**DATASET CONTENT**
+-------+

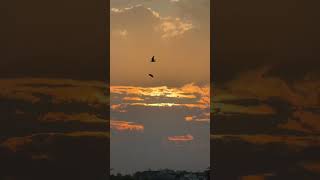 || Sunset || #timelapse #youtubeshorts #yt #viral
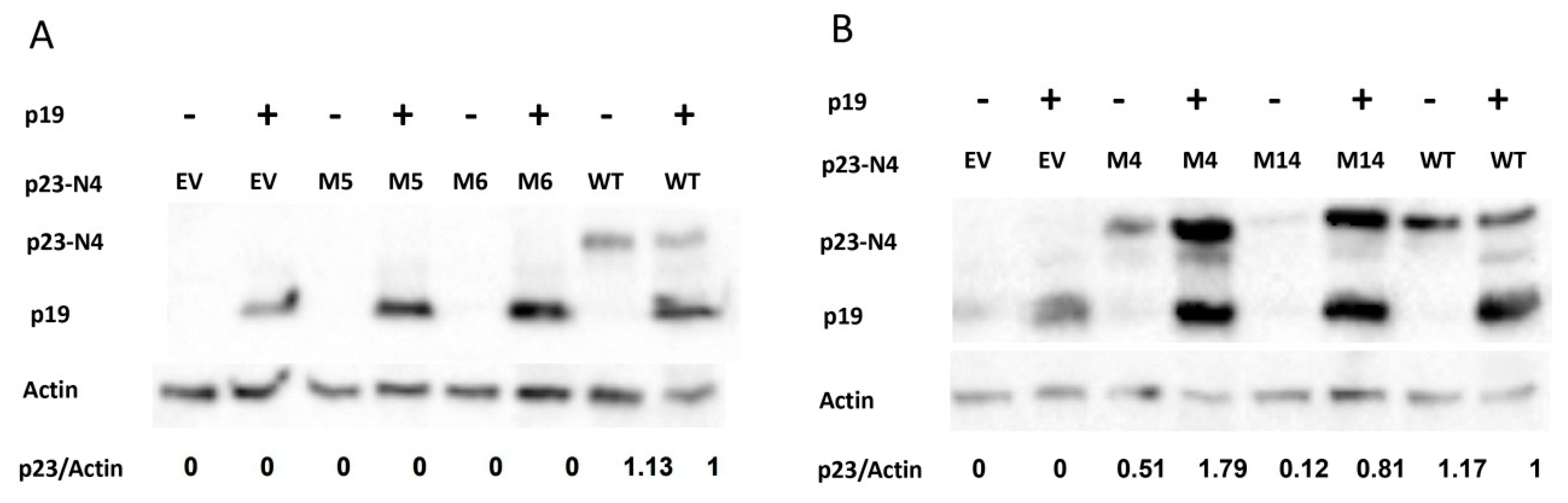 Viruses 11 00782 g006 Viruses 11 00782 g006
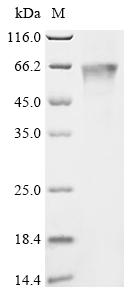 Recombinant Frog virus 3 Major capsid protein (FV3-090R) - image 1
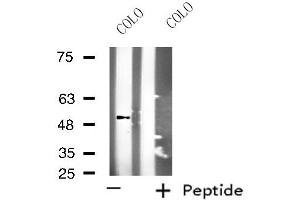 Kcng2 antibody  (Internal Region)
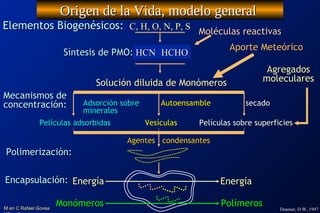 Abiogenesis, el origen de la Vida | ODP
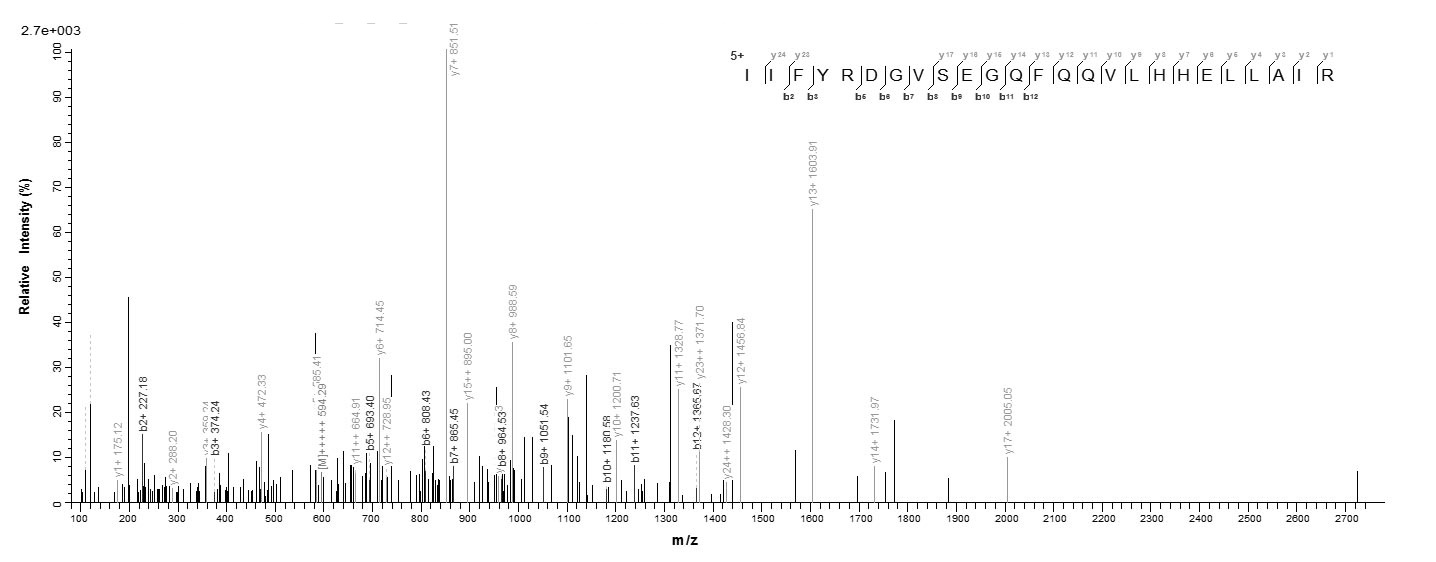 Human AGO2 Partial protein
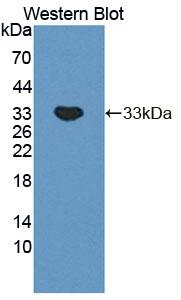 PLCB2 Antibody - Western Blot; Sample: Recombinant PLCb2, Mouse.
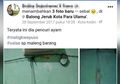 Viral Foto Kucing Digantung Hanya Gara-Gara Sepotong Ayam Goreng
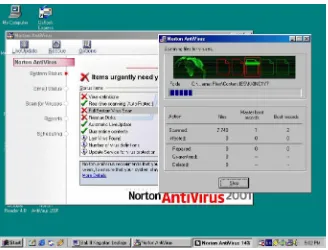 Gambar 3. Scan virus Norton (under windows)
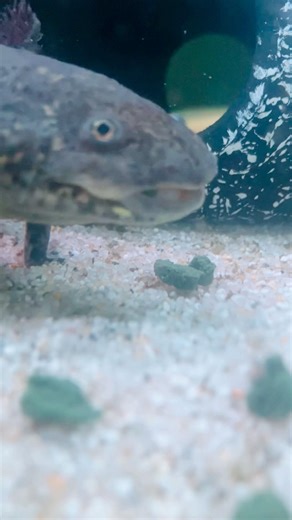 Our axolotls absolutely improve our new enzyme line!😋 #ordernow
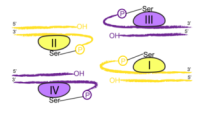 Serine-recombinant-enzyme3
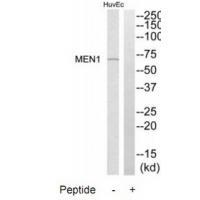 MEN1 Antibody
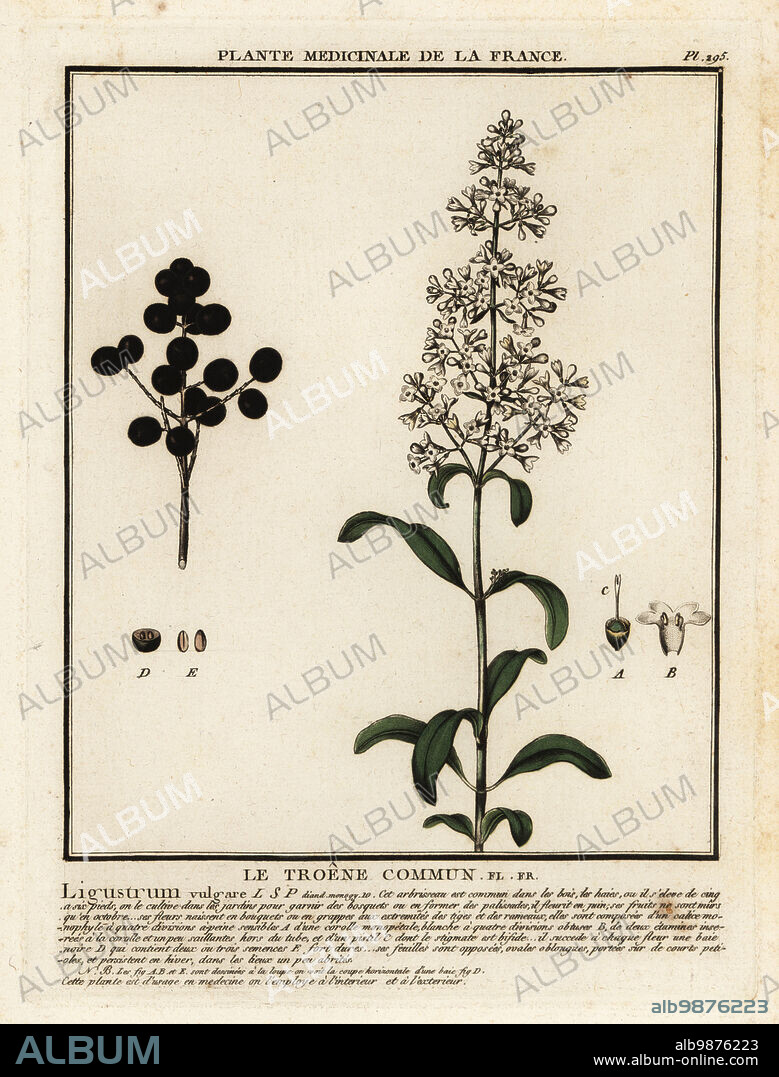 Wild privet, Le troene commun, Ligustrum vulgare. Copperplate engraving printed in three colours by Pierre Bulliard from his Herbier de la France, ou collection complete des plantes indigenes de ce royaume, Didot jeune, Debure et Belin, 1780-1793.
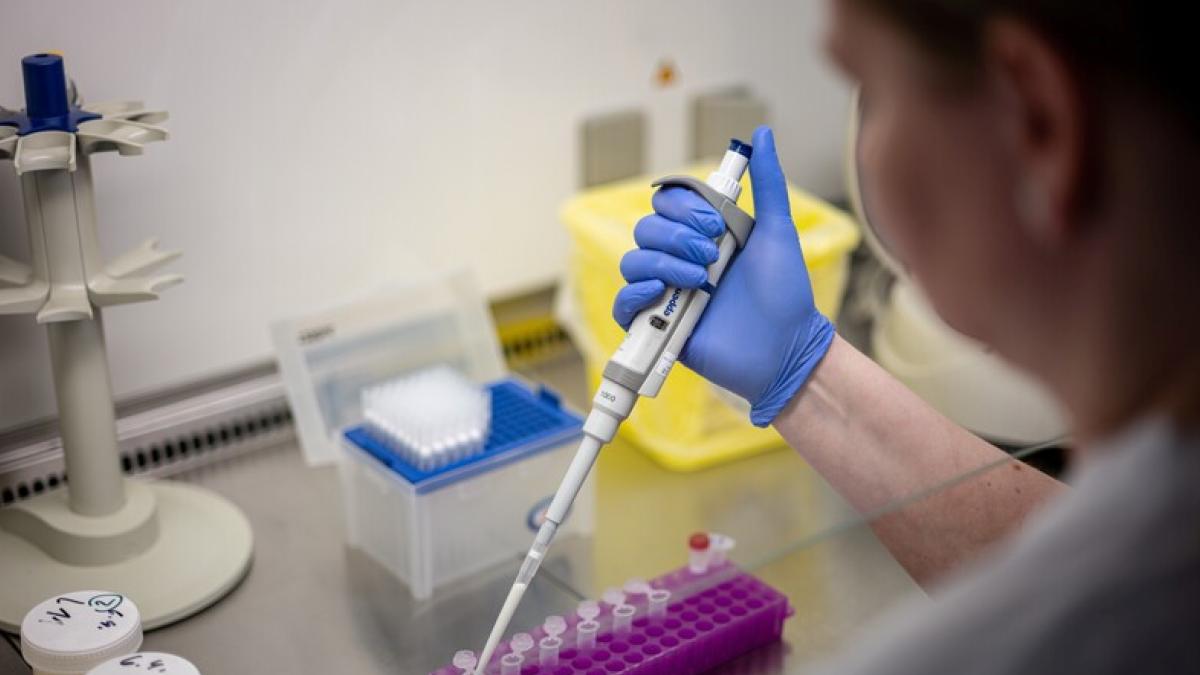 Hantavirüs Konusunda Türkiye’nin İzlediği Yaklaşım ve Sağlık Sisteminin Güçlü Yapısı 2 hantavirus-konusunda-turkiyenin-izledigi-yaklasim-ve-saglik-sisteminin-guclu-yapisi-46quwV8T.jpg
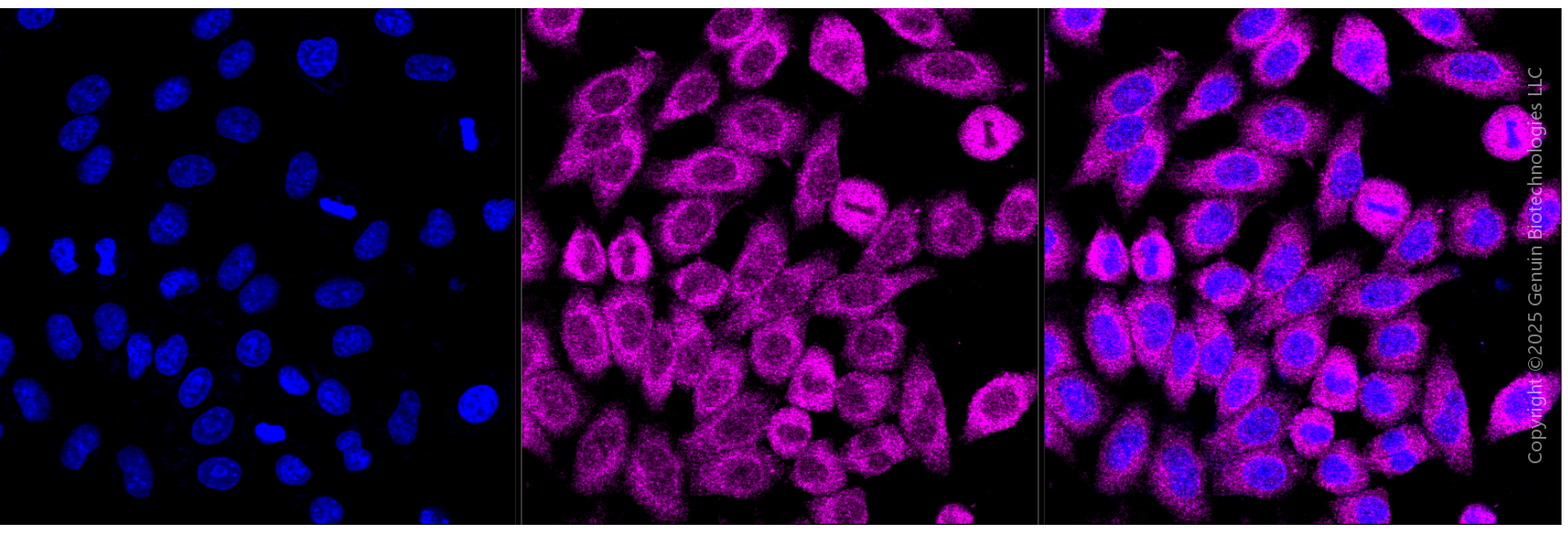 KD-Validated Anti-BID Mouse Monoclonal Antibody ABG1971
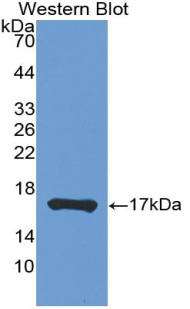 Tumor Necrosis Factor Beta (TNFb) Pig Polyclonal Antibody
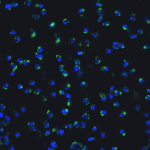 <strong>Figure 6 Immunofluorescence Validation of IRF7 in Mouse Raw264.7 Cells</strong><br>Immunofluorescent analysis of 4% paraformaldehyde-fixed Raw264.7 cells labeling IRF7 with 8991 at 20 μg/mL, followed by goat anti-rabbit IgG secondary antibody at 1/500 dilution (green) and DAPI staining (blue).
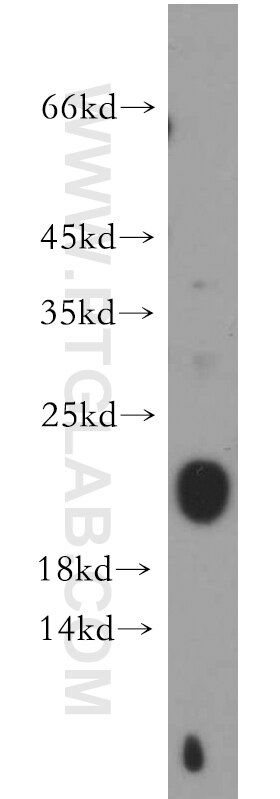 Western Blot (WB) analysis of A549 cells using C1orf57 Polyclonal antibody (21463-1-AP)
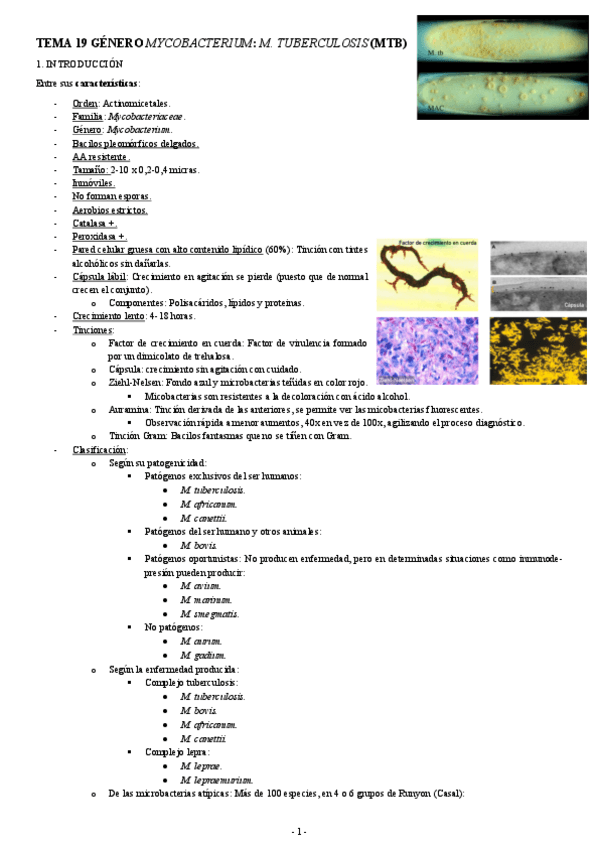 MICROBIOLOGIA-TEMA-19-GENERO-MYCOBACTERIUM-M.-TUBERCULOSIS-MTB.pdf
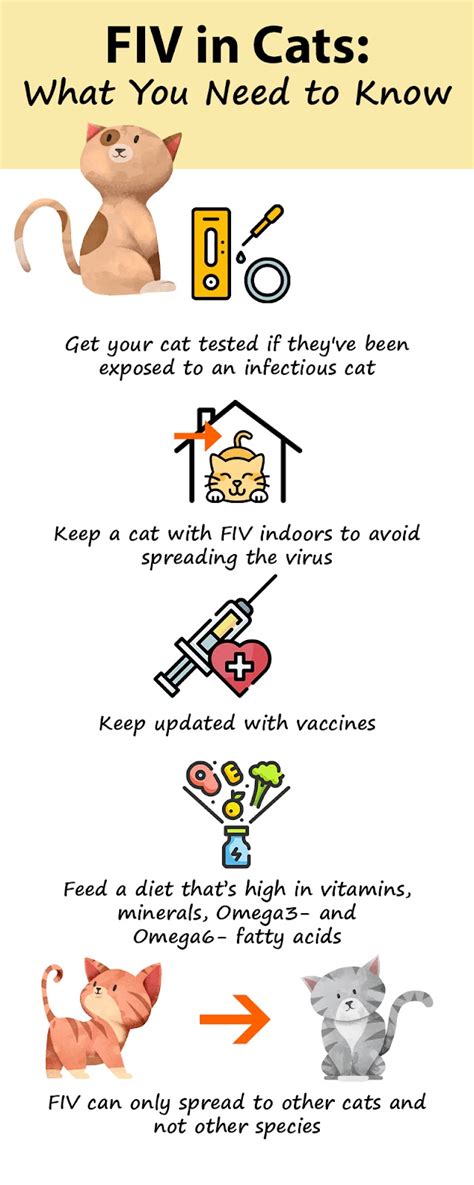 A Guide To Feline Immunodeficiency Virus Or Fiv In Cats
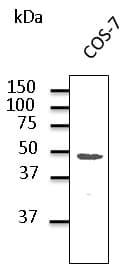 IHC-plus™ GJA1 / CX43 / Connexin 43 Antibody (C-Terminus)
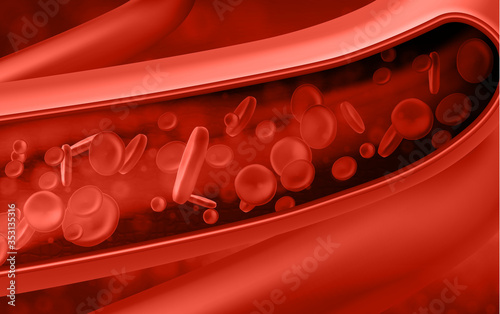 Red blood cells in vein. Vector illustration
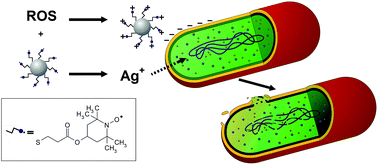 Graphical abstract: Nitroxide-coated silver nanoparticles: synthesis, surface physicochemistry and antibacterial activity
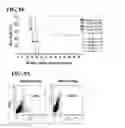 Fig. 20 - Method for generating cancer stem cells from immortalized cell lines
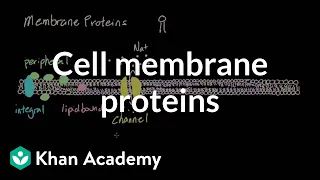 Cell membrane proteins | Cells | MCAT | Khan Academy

+-------+

**TASK DESCRIPTION**
Skip the pictures. Write out exactly the lines from the one with "<strong>Figure 6 Immunofluorescence" through the last line of the listing, both ends included, and nothing more.

**RESPONSE BELOW**
 <strong>Figure 6 Immunofluorescence Validation of IRF7 in Mouse Raw264.7 Cells</strong><br>Immunofluorescent analysis of 4% paraformaldehyde-fixed Raw264.7 cells labeling IRF7 with 8991 at 20 μg/mL, followed by goat anti-rabbit IgG secondary antibody at 1/500 dilution (green) and DAPI staining (blue).
 Western Blot (WB) analysis of A549 cells using C1orf57 Polyclonal antibody (21463-1-AP)
 MICROBIOLOGIA-TEMA-19-GENERO-MYCOBACTERIUM-M.-TUBERCULOSIS-MTB.pdf
 A Guide To Feline Immunodeficiency Virus Or Fiv In Cats
 IHC-plus™ GJA1 / CX43 / Connexin 43 Antibody (C-Terminus)
 Red blood cells in vein. Vector illustration
 Graphical abstract: Nitroxide-coated silver nanoparticles: synthesis, surface physicochemistry and antibacterial activity
 Fig. 20 - Method for generating cancer stem cells from immortalized cell lines
 Cell membrane proteins | Cells | MCAT | Khan Academy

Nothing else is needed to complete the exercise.